How Covid-sceptics were duped by the “wonder drug” ivermectin

In search of a simple answer to the pandemic, Covid-sceptics have put their faith in a drug for which there is no positive evidence. 

By Stuart Ritchie

Stop me if you’ve heard this one before: a cheap, widely-available drug is apparently a “global solution to the pandemic”. So went the stories in the Daily Mail, the Mirror, the Financial Times, and elsewhere last week, all focusing on the drug ivermectin. It’s been described as “a fundamentally potent cure” for Covid-19 by one of its main proponents, and the media articles reported that it might reduce coronavirus deaths by an incredible 75 per cent.

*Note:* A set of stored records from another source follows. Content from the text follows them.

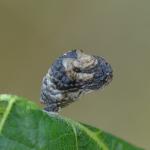 Coleophora kuehnella - Nismes ~ Tienne Breumont (NA) 04-05-2023 ©Steve Wullaert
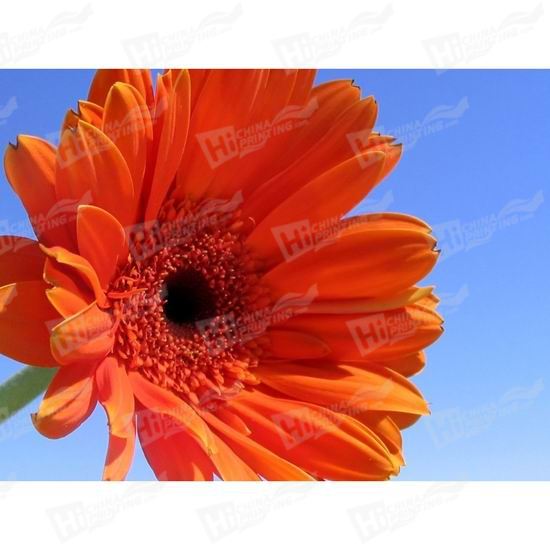 Orange Flower Canvas Printing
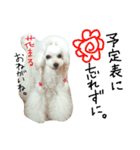 poodles..（個別スタンプ：28）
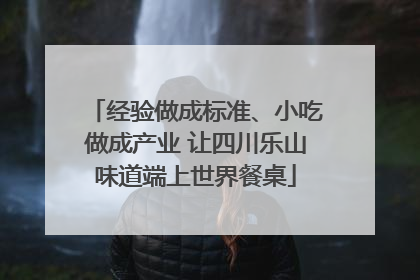 经验做成标准、小吃做成产业 让四川乐山味道端上世界餐桌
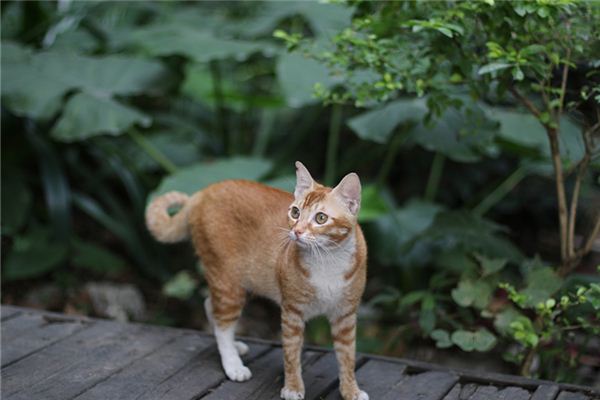 梦见流浪猫是什么意思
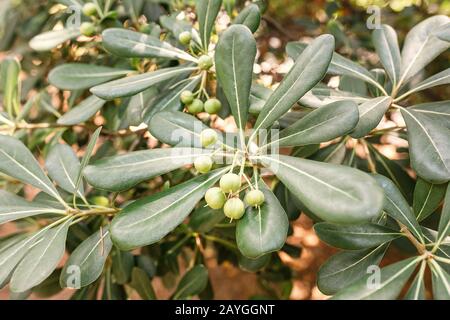 Arbusto verde di pitosporum tobira con frutta Foto Stock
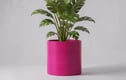 Statement Plant Pots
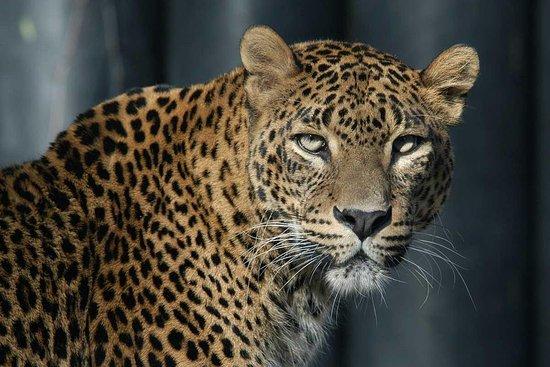 Adventure Lanka Tours Ltd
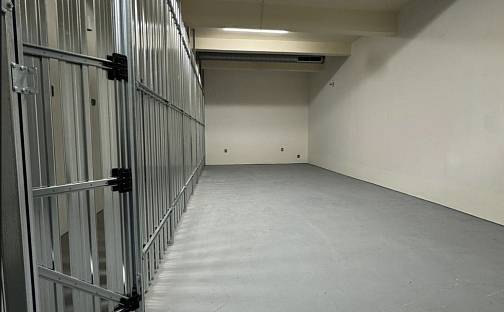 Pronájem komerčního objektu (jiného typu) 33 m², Praha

The story was picked up by media personalities who, shall we say, don’t follow the mainstream consensus view on Covid, such as Julia Hartley-Brewer and Maajid Nawaz (the latter of whom claimed that ivermectin “should render lockdowns redundant”). Indeed, claims about ivermectin almost always receive huge attention on social media, sometimes garnering many thousands of likes and shares. Dozens of times in the past couple of months, I’ve seen, or been sent, the link to a website that purports to show all the current studies on ivermectin along with a meta-analysis – a type of study where all the data are put together to see the overall effect.